• Task to complete
In the data below, one line contains "Picture of BABY" and a later one contains "Final Fantasy Inspired Version 2 Headband". Print both, with every line between them, exactly and alone.

********************

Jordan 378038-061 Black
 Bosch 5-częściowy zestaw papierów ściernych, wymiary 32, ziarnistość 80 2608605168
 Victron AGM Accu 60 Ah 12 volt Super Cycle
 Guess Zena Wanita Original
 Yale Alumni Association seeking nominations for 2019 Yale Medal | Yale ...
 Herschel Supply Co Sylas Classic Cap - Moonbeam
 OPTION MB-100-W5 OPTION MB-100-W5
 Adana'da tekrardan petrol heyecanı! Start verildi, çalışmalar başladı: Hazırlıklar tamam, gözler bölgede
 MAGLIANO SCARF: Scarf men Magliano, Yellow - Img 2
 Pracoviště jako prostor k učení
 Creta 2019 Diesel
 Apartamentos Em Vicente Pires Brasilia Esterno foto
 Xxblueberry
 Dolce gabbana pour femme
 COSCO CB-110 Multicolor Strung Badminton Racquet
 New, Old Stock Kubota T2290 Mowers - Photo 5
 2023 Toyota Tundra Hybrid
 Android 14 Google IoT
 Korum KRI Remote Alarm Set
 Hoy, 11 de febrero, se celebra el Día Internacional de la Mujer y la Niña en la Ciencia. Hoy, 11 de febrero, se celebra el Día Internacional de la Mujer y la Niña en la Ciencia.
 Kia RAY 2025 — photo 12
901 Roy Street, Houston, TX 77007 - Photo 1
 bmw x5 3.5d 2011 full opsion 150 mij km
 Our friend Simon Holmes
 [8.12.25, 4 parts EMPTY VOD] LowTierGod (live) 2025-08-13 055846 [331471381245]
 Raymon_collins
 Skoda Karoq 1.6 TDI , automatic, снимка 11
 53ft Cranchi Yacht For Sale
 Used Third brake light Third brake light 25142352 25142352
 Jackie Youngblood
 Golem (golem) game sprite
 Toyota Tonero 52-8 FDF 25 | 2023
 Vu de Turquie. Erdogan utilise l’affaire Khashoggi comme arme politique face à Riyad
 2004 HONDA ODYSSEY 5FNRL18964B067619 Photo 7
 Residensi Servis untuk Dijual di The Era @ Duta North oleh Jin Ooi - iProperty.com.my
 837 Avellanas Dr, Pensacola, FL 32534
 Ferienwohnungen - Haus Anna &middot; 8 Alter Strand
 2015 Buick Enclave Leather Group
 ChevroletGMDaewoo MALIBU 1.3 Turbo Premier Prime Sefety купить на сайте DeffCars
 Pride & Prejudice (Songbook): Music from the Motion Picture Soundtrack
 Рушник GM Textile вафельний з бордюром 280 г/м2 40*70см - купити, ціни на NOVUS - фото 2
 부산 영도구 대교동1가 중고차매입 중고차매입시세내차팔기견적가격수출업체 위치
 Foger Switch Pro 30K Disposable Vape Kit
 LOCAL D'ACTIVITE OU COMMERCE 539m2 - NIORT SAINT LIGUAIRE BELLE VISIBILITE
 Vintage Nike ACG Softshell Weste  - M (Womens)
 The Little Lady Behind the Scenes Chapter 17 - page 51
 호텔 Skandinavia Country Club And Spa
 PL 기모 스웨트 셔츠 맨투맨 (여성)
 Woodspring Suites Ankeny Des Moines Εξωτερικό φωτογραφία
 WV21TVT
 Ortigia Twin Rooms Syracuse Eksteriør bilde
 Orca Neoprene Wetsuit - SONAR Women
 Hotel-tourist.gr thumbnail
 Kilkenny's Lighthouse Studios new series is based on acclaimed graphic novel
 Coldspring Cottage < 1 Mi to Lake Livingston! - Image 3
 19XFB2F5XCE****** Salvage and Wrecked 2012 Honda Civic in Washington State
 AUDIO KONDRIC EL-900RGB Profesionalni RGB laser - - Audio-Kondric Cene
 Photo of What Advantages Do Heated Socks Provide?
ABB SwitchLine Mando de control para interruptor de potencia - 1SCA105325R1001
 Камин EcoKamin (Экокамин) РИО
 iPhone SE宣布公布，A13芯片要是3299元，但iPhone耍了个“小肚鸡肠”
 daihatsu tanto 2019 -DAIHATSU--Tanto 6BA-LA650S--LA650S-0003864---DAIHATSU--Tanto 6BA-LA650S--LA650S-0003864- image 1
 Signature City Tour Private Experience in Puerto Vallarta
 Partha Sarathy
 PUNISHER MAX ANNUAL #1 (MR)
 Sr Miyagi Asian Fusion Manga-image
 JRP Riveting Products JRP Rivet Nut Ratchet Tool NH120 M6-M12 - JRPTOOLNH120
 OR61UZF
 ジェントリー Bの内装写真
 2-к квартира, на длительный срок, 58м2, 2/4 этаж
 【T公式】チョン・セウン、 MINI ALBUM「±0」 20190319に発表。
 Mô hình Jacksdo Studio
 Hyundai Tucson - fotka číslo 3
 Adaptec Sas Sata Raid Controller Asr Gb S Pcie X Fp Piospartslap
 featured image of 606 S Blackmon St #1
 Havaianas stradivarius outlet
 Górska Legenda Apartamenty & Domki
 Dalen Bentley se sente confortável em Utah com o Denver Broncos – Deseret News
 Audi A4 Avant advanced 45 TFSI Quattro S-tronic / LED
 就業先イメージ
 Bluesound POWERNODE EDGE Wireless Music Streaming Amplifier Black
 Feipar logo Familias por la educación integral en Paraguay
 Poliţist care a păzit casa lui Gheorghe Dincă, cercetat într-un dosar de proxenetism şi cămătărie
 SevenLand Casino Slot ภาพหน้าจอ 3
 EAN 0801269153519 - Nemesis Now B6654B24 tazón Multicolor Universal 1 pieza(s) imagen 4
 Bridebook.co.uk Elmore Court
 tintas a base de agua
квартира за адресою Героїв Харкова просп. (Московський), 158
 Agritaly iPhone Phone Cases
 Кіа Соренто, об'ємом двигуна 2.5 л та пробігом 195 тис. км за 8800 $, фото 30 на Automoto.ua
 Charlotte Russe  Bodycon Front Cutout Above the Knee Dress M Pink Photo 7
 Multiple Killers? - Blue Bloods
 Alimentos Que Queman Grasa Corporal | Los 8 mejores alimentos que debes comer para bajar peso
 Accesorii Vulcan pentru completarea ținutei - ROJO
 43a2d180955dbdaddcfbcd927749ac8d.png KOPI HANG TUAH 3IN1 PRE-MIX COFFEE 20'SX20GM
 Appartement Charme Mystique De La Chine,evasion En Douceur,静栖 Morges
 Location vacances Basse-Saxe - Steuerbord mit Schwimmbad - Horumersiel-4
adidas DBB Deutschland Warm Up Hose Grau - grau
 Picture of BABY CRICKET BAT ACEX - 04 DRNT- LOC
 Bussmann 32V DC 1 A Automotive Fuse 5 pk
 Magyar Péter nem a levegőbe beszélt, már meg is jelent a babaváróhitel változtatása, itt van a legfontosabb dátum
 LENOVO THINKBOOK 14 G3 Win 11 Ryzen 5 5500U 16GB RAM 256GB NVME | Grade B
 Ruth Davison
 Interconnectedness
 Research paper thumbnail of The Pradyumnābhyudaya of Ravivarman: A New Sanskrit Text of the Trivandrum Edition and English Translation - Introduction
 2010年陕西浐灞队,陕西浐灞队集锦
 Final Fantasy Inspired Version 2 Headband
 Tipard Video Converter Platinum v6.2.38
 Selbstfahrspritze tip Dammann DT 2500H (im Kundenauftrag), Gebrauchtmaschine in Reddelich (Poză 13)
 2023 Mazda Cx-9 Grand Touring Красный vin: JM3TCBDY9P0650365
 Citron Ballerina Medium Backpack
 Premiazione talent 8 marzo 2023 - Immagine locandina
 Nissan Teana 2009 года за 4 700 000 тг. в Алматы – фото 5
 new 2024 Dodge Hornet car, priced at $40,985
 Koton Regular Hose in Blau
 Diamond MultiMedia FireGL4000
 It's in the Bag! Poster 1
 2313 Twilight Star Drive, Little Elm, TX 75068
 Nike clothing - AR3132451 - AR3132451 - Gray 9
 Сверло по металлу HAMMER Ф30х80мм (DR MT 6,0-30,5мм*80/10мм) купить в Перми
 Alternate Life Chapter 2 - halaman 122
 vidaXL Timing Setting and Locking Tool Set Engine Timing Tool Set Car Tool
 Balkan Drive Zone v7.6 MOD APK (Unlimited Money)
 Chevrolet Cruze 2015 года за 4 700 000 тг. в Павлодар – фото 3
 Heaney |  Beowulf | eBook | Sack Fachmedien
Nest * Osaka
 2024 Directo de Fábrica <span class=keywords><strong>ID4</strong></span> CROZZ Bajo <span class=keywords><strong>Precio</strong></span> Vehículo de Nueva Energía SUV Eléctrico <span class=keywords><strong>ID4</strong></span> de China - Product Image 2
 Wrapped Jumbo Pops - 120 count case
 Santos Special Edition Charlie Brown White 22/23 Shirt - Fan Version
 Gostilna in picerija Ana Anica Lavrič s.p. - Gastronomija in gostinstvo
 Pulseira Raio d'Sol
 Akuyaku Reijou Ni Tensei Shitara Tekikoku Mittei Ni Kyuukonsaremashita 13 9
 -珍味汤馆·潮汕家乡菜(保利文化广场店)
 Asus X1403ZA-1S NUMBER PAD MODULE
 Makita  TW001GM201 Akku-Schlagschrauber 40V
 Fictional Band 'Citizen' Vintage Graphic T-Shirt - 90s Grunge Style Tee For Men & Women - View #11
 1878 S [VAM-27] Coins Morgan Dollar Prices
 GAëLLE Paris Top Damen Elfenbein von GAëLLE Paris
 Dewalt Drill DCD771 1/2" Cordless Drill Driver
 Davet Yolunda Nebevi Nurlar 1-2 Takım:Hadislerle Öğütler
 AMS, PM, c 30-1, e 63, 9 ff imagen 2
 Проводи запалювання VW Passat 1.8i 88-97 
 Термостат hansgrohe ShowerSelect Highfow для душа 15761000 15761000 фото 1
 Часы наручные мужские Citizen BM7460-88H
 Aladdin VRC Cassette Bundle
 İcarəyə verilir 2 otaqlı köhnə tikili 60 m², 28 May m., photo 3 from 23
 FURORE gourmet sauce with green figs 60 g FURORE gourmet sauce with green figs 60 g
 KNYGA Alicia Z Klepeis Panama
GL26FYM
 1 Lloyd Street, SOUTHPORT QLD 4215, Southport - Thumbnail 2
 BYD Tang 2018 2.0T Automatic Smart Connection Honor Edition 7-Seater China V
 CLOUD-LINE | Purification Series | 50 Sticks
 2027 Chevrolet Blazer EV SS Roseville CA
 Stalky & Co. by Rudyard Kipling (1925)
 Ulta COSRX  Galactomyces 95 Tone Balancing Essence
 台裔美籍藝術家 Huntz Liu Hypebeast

********************

• Reply
 Picture of BABY CRICKET BAT ACEX - 04 DRNT- LOC
 Bussmann 32V DC 1 A Automotive Fuse 5 pk
 Magyar Péter nem a levegőbe beszélt, már meg is jelent a babaváróhitel változtatása, itt van a legfontosabb dátum
 LENOVO THINKBOOK 14 G3 Win 11 Ryzen 5 5500U 16GB RAM 256GB NVME | Grade B
 Ruth Davison
 Interconnectedness
 Research paper thumbnail of The Pradyumnābhyudaya of Ravivarman: A New Sanskrit Text of the Trivandrum Edition and English Translation - Introduction
 2010年陕西浐灞队,陕西浐灞队集锦
 Final Fantasy Inspired Version 2 Headband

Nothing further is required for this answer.